The Yongshang Tu clan is a family of eastern Zhejiang, and its family has been an official eunuch family for generations. According to the "Yongshang Tu Family Tree", in the first year of the Southern Song Dynasty, the Ancestors of the Tu Family moved from Wuxi, Jiangsu province to Ningbo, Zhejiang, and have a history of more than 700 years. This big family of celebrities has emerged from generations, such as the official Shangshu, the prince Taifu Andi Taibao Tu, the literary scholar and playwright Tu Long, and the naturalist Tu Benyi.
Tu Ruled the I Ching and the Book of Poetry in the Ming Dynasty, and the girl's father routinely quoted the Book of Poetry to name her "Yo Yo", which originated from "Yo Yo Deer Singing, The Apple of the Wild... Yo yo deer singing, wild artemisia... Yo yo deer singing, eating wild mustard...".

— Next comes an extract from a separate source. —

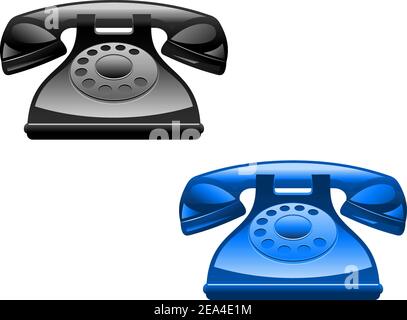 Retro lucida icone telefono isolato su sfondo bianco Illustrazione Vettoriale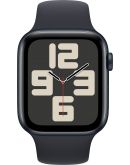Apple Watch SE 2023, 44 мм, корпус из алюминия цвета «тёмная ночь», спортивный ремешок цвета «тёмная ночь» (MRE93)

The girl's mother, who was from the Yao clan of Yin County, was a descendant of Yao Guangren, the brother of Yao Guangxiao, the Duke of Rongguo, the founder of the Ming Dynasty. Tu Youyou's maternal grandfather, Yao Yongbai, was in charge of the National Treasury of the Republic of China, the first director of the Treasury Department of the Ministry of Finance, and the executive director of the Central Bank.

Ningbo Haishu District Kaiming Street No. 26 Yao House, Tu Youyou former residence
Tu Youyou was born into a family of chaebols and scholars, and the reason why she embarked on the road of medical research was because of a serious illness in adolescence. Because Tu Youyou had tuberculosis, she had to take a two-year break from school at the age of 16. After Tu Youyou returned to school, she had a strong thirst for knowledge and hoped to find a cure for this disease. So she set her sights on medicine.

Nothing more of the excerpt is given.